> [Provided material]

Segment Open

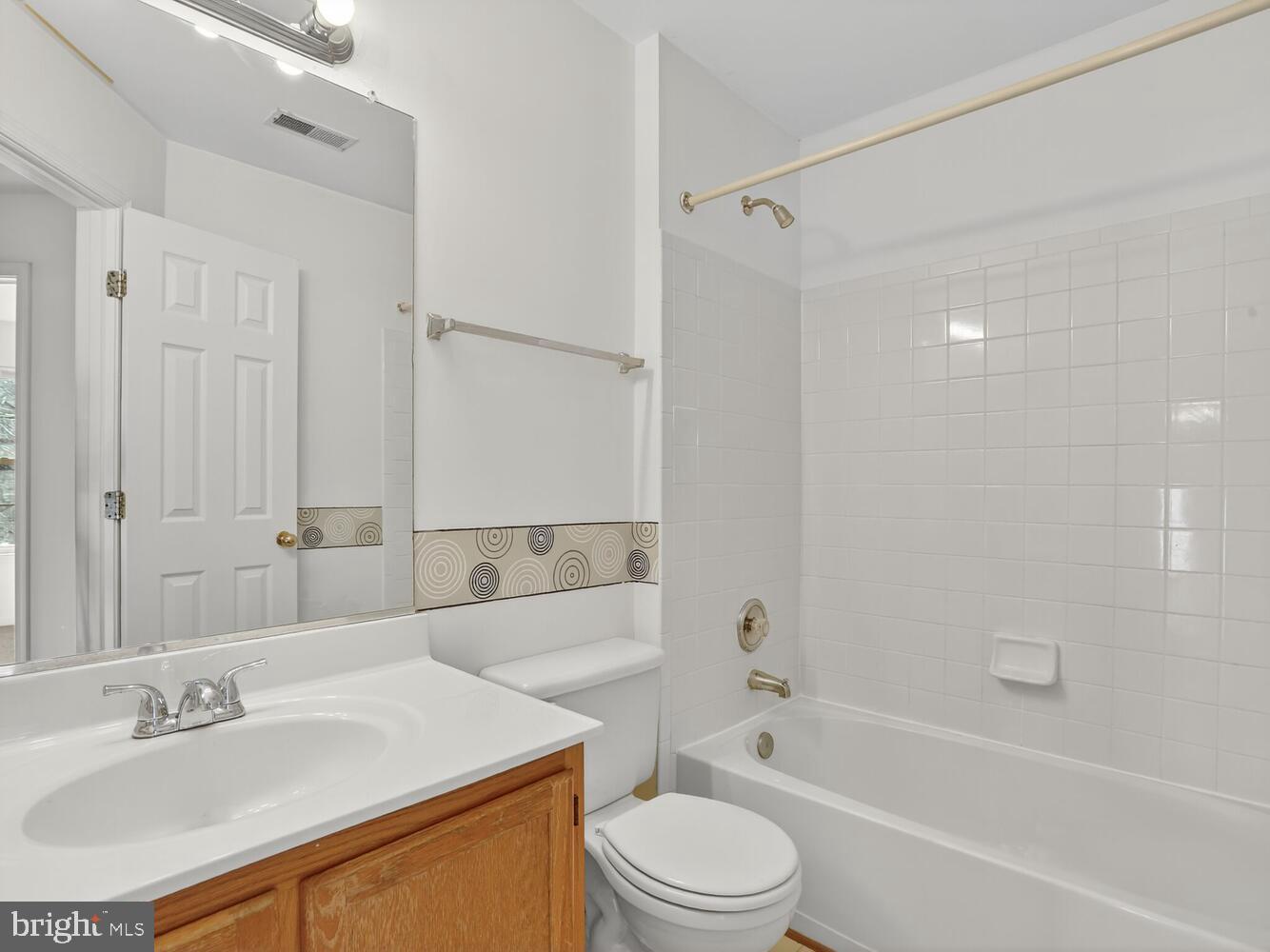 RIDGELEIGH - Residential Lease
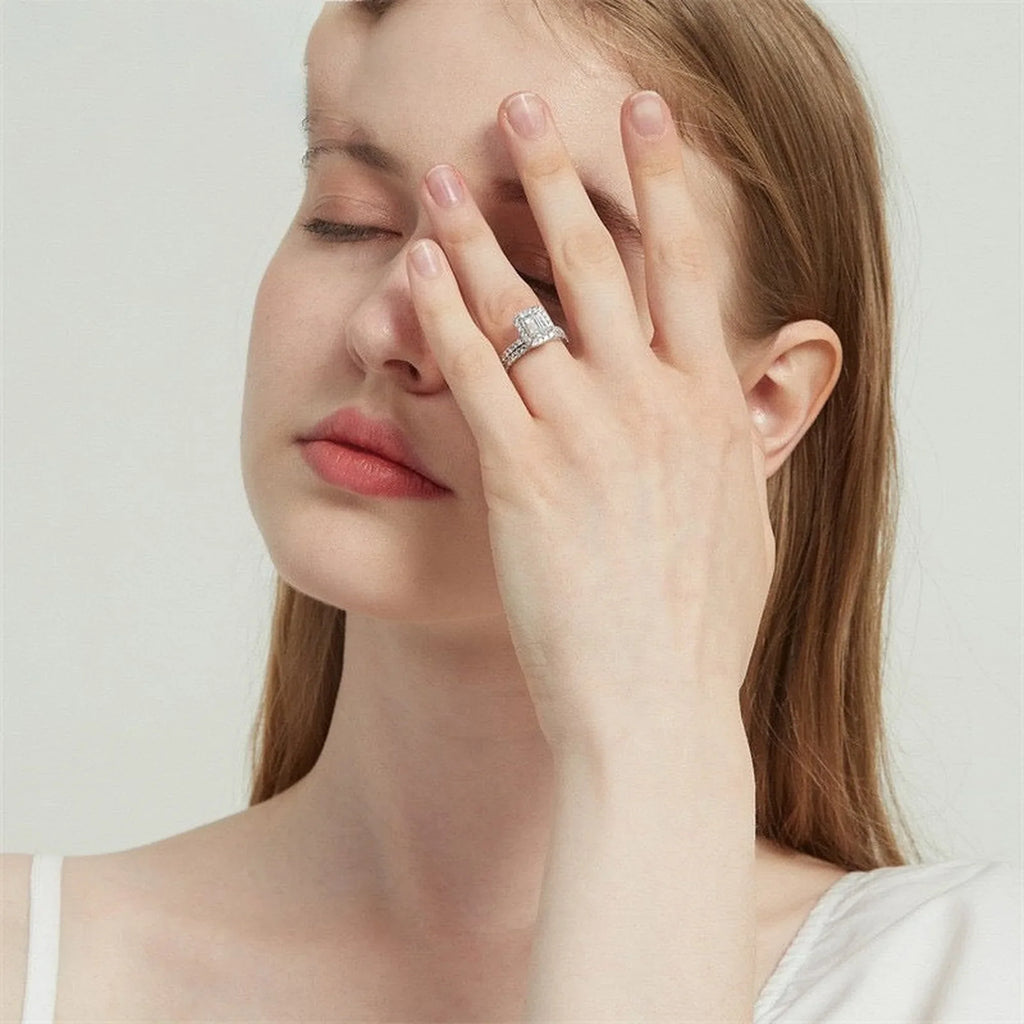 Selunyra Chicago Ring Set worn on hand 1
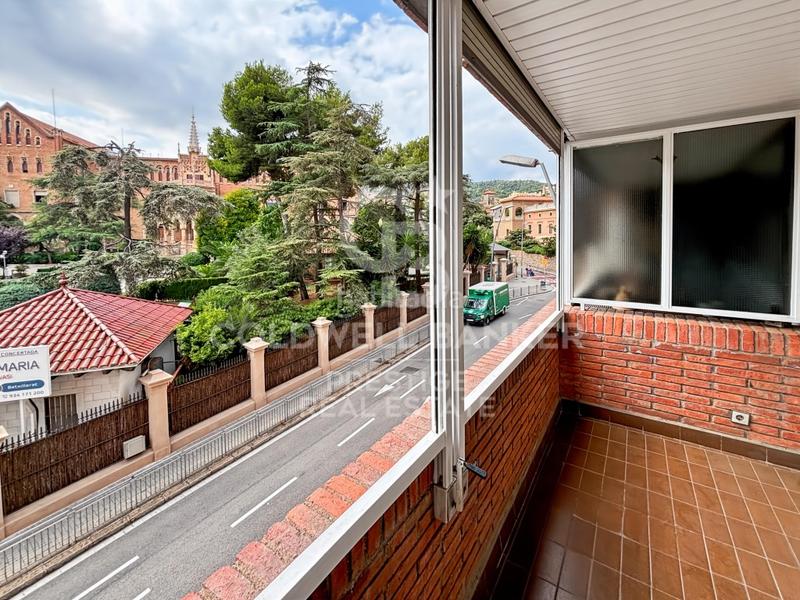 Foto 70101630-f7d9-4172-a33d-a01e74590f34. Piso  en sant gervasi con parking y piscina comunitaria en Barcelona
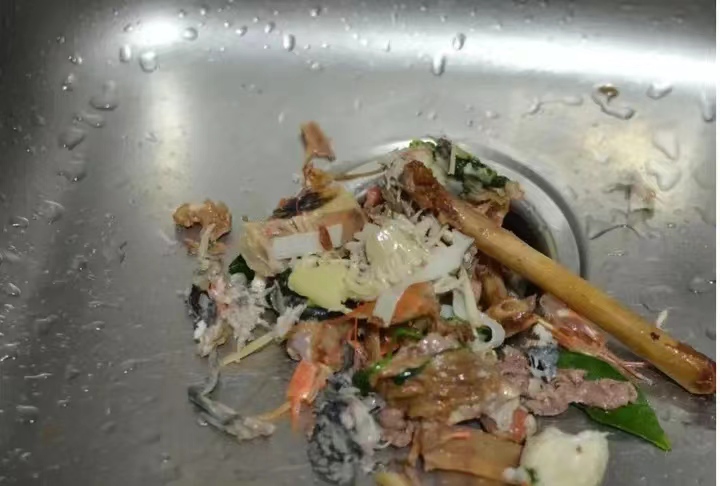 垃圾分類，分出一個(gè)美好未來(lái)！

Segment Closed

> [What the task asks] When you write out the material, keep every line exact and leave out each picture.

> [Task answer]
 RIDGELEIGH - Residential Lease
 Selunyra Chicago Ring Set worn on hand 1
 Foto 70101630-f7d9-4172-a33d-a01e74590f34. Piso  en sant gervasi con parking y piscina comunitaria en Barcelona
 垃圾分類，分出一個(gè)美好未來(lái)！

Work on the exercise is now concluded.